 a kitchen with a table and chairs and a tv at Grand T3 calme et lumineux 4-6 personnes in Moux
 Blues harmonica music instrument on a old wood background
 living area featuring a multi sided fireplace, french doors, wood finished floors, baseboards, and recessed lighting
* * *
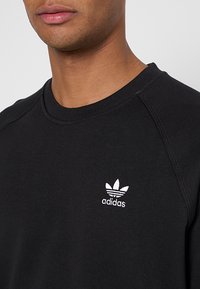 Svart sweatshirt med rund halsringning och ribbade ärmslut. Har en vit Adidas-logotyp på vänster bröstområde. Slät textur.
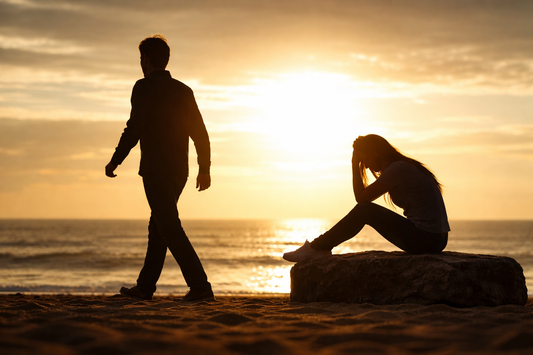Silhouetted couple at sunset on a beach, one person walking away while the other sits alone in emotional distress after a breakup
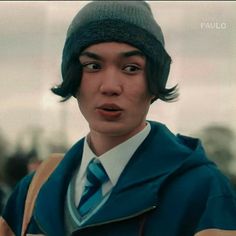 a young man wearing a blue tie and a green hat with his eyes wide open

#### WHAT NEEDS TO BE DONE
Output the lines above exactly, but only those between the line holding "a kitchen with" and the line holding "living area featuring", inclusive.

#### TASK ANSWER
 a kitchen with a table and chairs and a tv at Grand T3 calme et lumineux 4-6 personnes in Moux
 Blues harmonica music instrument on a old wood background
 living area featuring a multi sided fireplace, french doors, wood finished floors, baseboards, and recessed lighting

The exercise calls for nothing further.